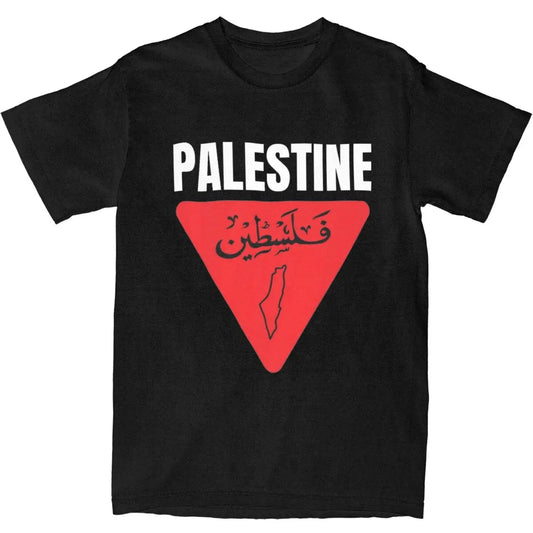 Mens T Shirt Palestine Map T Shirts Fashion Palestinian Flag Summer Tees Vintage Print Cotton Clothing Gift Idea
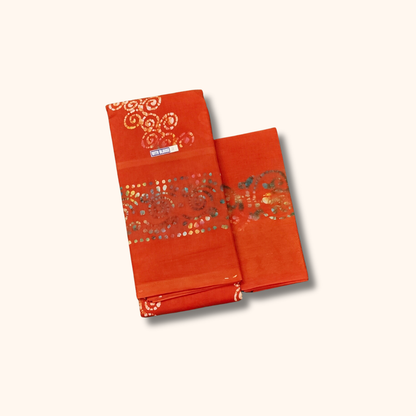 Vibrant Orange Batik Cotton Saree with Separate Blouse Piece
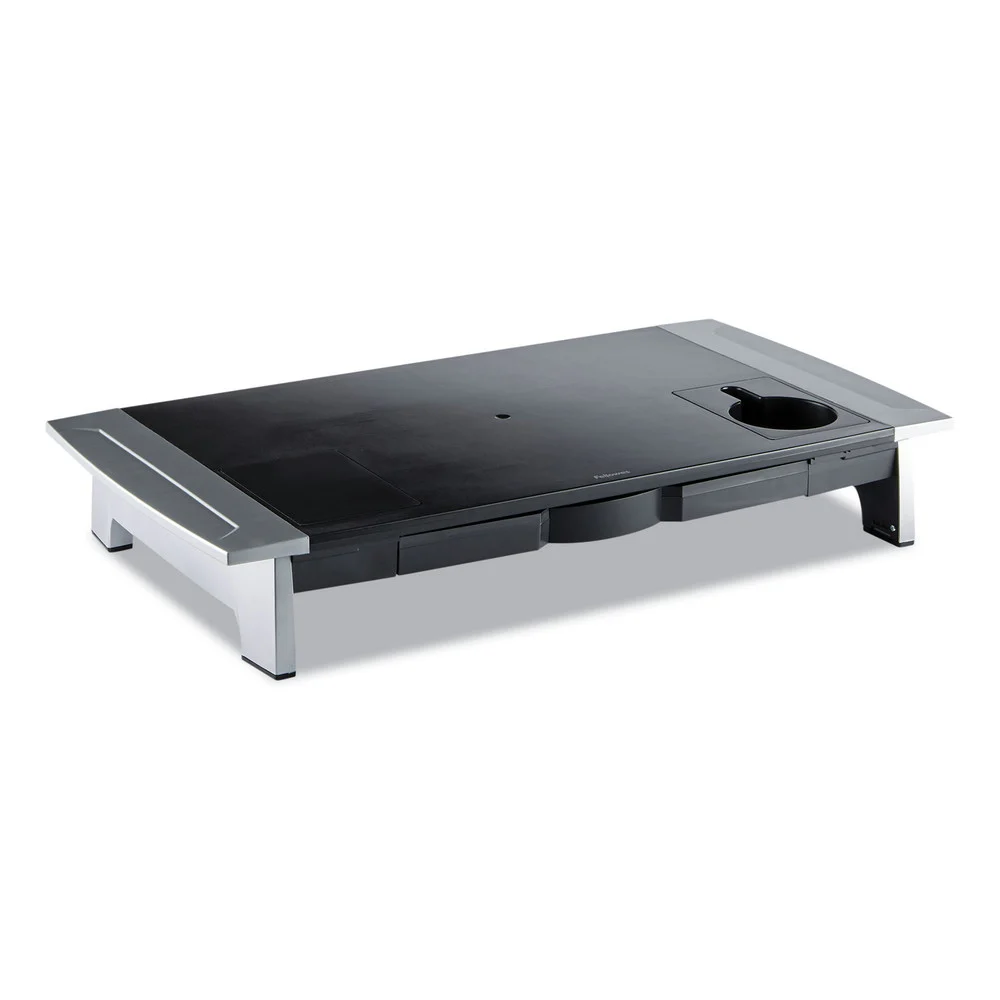 Fellowes Mfg Co. 27 in. x 14 in. x 4 in. to 6.5 in. Office Suites Premium Monitor Riser - Black/Silver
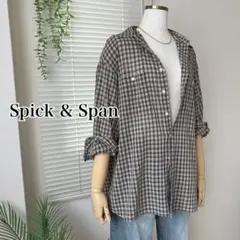 美品❣️定価1.6万 スピックアンドスパン メタルボタンTRチェック 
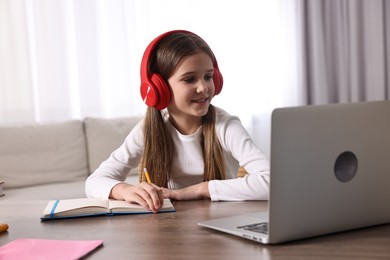 Photo of E-learning. Cute girl taking notes during online lesson at table indoors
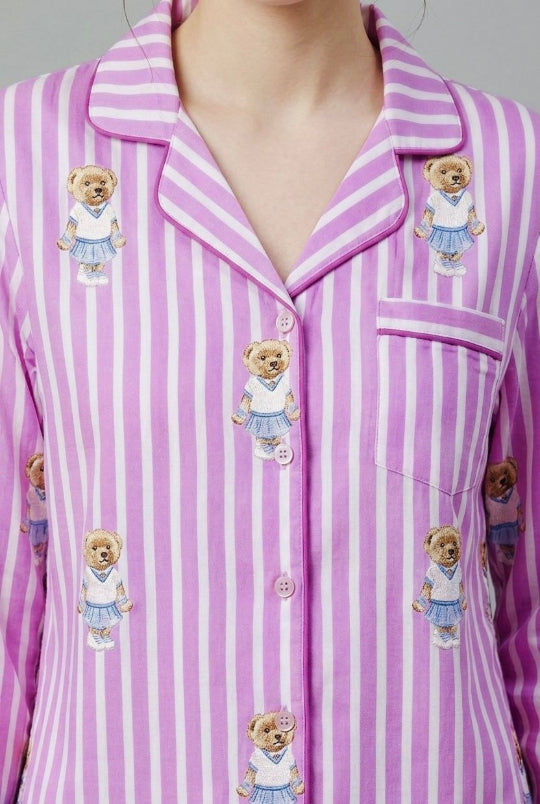 Polo Pink Button Down Pj Set - Pure Cotton PJ Set with Notched Collar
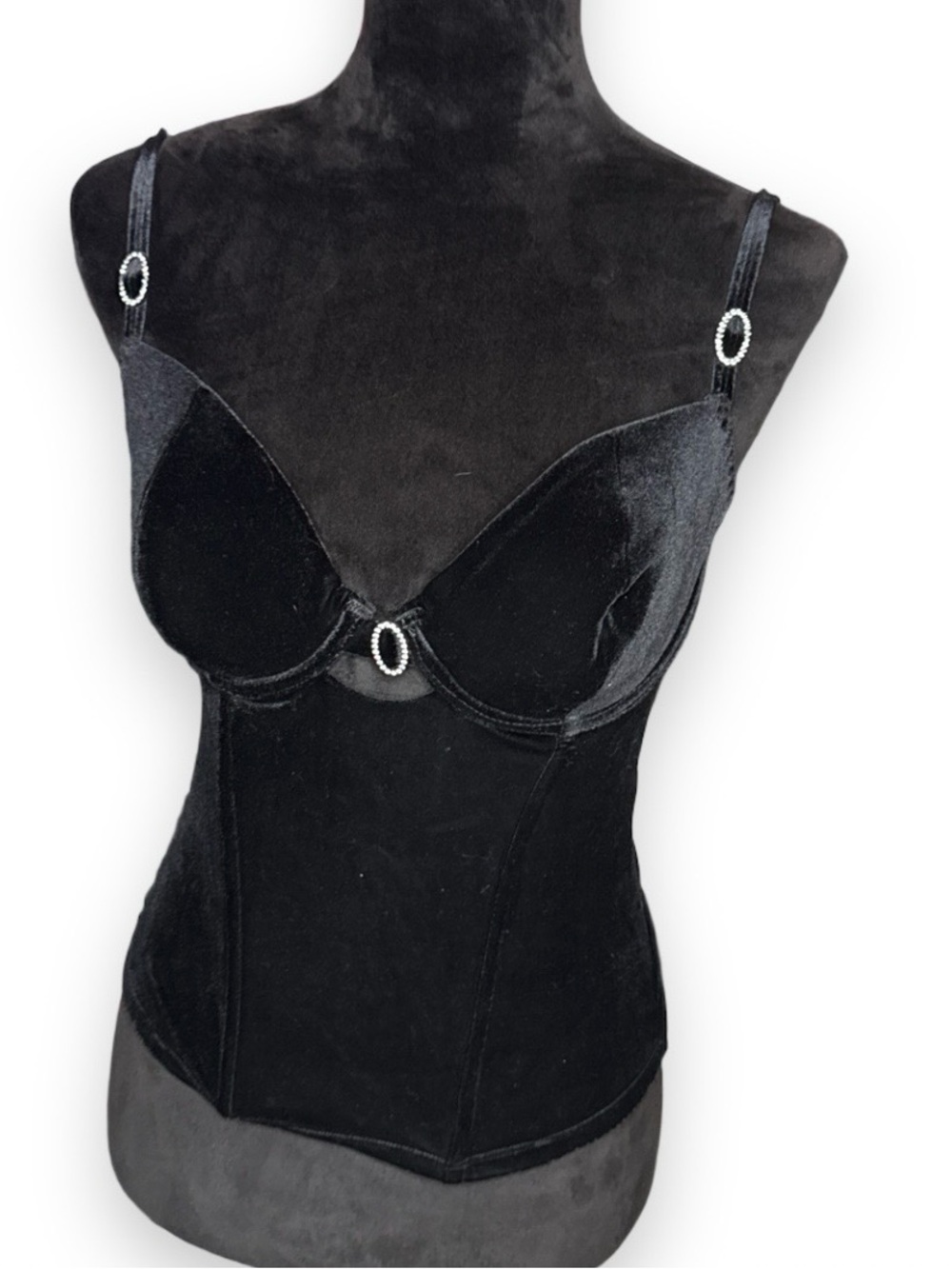 Secret Treasures Black Velvet Longline Bustier with Rhinestone Accents
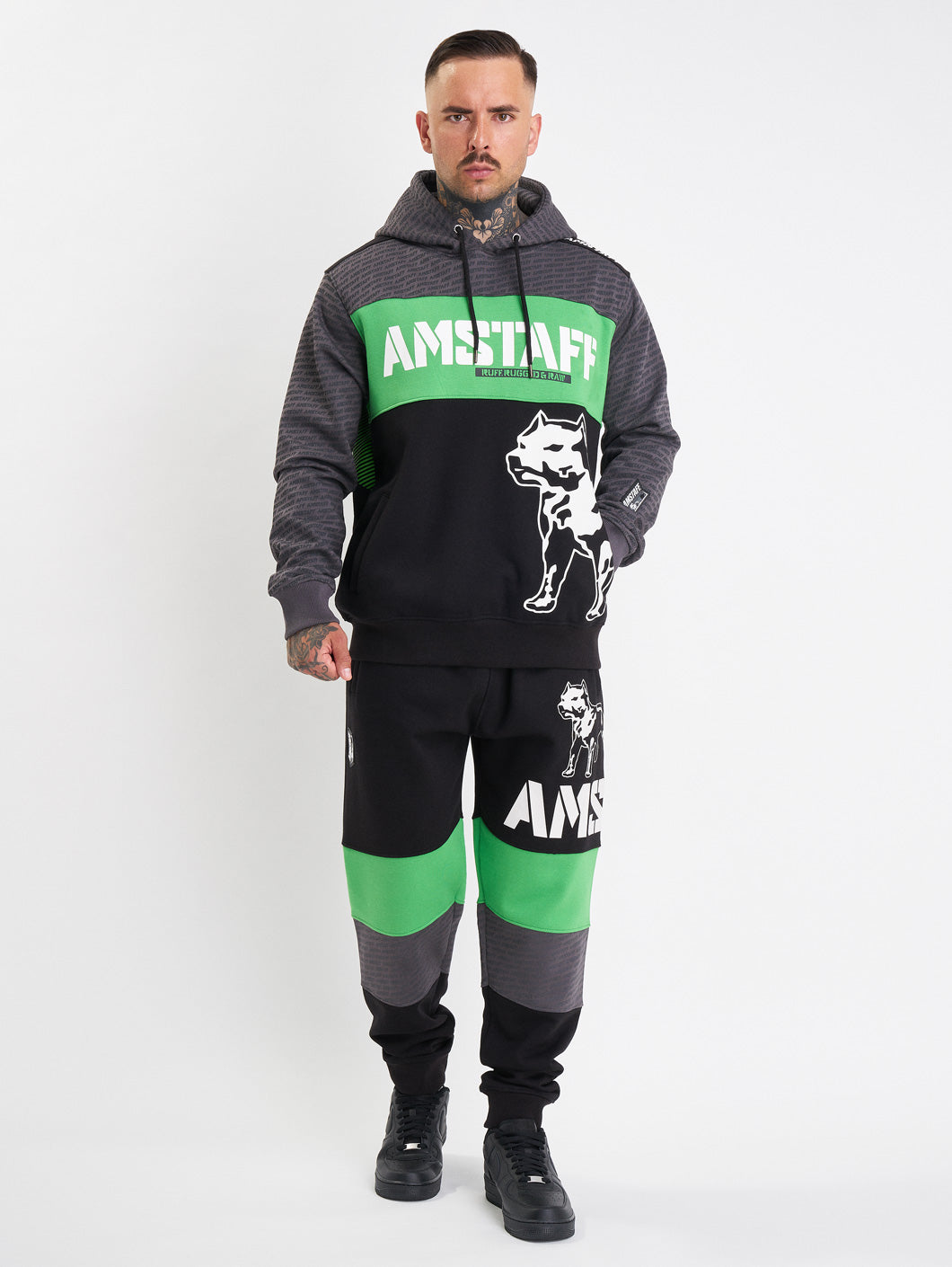 Amstaff Masho Hoodie Black Grey Green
___
Repeat exactly the lines from the one containing "Polo Pink Button" through the last line of the records above, both included, and leave out the pictures.

 Polo Pink Button Down Pj Set - Pure Cotton PJ Set with Notched Collar
 Secret Treasures Black Velvet Longline Bustier with Rhinestone Accents
 Amstaff Masho Hoodie Black Grey Green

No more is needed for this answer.